Been a lurker on these forums for awhile and gotten some good advice from a couple of posts and personal emails, so thanks for that.

Here is where I am at - recently saw my position disappear due to the economy so am in that fun space of reinventing a career in early 40's. Joy.

Have a unique opportunity to either invest with existing digital graphics company or open new place of my own. Existing company is very tied to certain NASCAR teams that you all see every weekend on TV. They have a first-class facility, people and equipment and all I would do is purchase a flatbed and add to existing arsenal and bring in my sales rep that is still garnering accounts that we are currently outsourcing.

There's obviously a lot more to this, but it would be an even longer posting... so here's my question - would like to know what early headaches you existing business owner's encountered during startup phase of your shops. Things like bad equipment decisions, marketing directions taken, estimating packages that worked (or didn't), accounting advice and anything useful you can think of that worked or definitely should have been avoided in the early days.

I have about $300K in capital to put towards this. Obviously moving in with existing company GREATLY lowers my exposure because of the wealth of equipment they already have. Paying franchise fees does not appeal to me and I am not looking to buy anybody out. We have a book of business that is waiting for us to land and we just want to avoid landmines along the way.

I used to work for DuPont selling wide format UV equipment - I have a fair command of available equipment and know who makes good stuff and who doesn't.

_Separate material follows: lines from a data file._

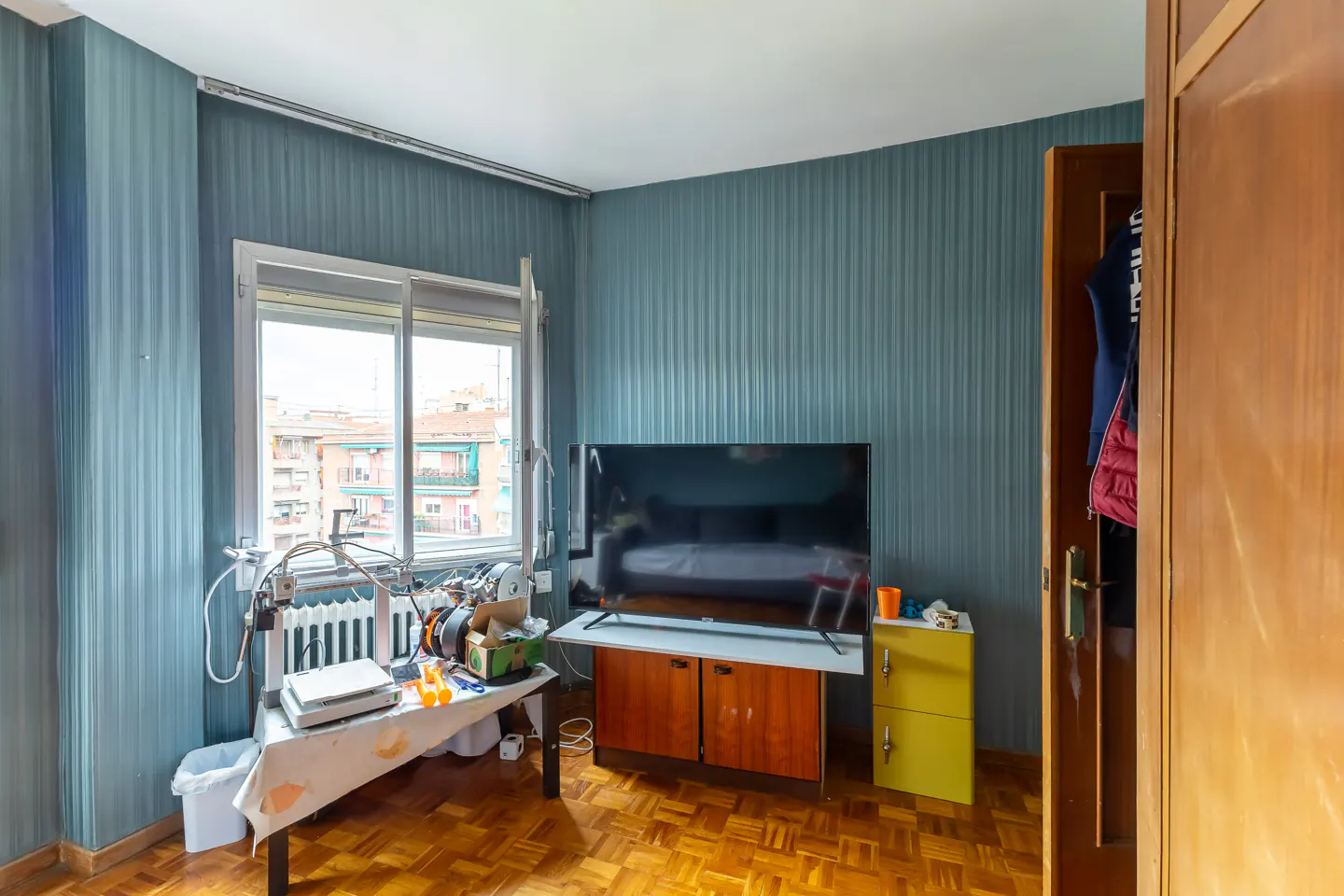 Bedroom with blue striped wallpaper, parquet floor, TV on a cabinet, table with equipment, and open closet.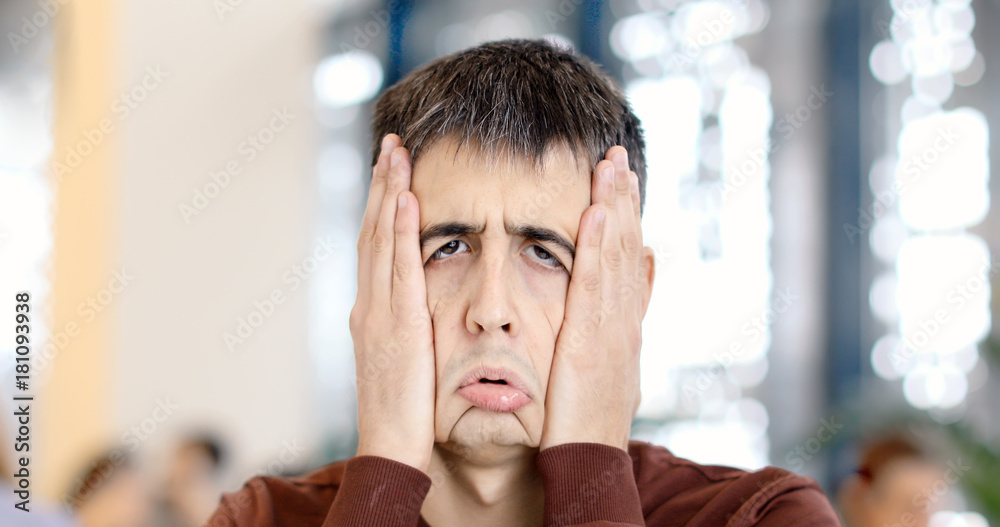 The guy clamps his face with his hands making a funny sad face in a public  place looks at camera in the interior. Stock Photo | Adobe Stock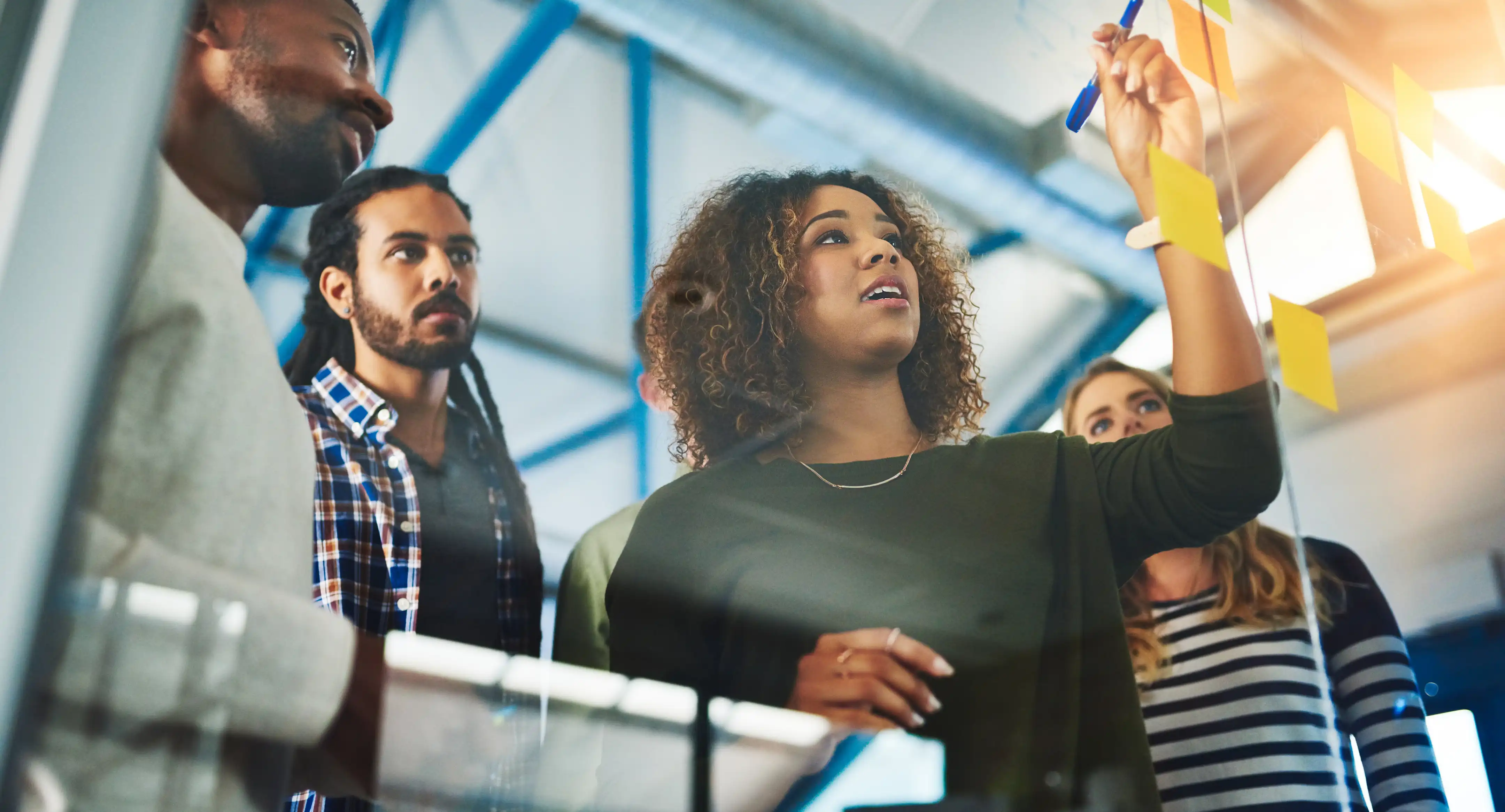 Gruppe von vier Personen diskutiert und notiert Ideen auf gelben Haftnotizen an einer Glaswand in einem modernen Büro.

I have been in graphic arts starting from screenprint in college all the way to offset printing prepress, graphic design, dealer channel management and equipment and wide format print sales for over 25 years and am at that stage where its time to take control and stop letting others determine the future.

Any advice would be greatly appreciated.

Thanks,

Sean
 

Edserv

New Member
10sacer,
If you know what you're doing, and have some cash, and know you're market, you may want to just "go for it" and open a new company from scratch. I've taken some criticism on this forum (probably because I sounded too "cocky,") but we started our company 18 months ago knowing absolutely nothing about the sign/banner industry. However, I did have 15 years experience in the print industry and in starting and growing small companies. I am market and sales intensive, and we started Lets Go Banners on the Big Island of Hawaii having only lived here for 90 days. We knew no one, had no contacts, and as mentioned, didn't even know what a wide format printer looked like.
With the low cap. cost of entry into the wide format industry, you could put 20k into equipment and be off and running, using the additional 280k as a nice buffer/savings. We hired several sales people and put some cash into marketing. 18 months later, we have over 400 customers, a national ranking website, and are now trying to go back and put the fires out (finish building a world class team, revisit our strategies, and go at it again strong in the next 18 months.) Our website will probably be the focus of our major push, but we are interviewing for marketing and bookkeeping positions currently.
If I were you (free advice, bla bla bla,) I'd preserve the cash and go for it. I've not had the best experiences with partnerships, and I'm with you, punt the idea of franchise fees, you don't sound like you need that route!
Good luck!
C.
 

iSign

New Member
investing in the existing company does sound like you mean a partnership of some sort, but i wouldn't go that route. I see two opportunities that both look better if kept separate... Finance the flatbed equipment as a purely profitable investment, with no other strings attached (no required tie in with you working there, their profitability or any of that... who else will help them but a flatbed & what will those terms be? ..they will be profitable terms with no strings! ..and so should any chunk of cash you lay down for someone elses company!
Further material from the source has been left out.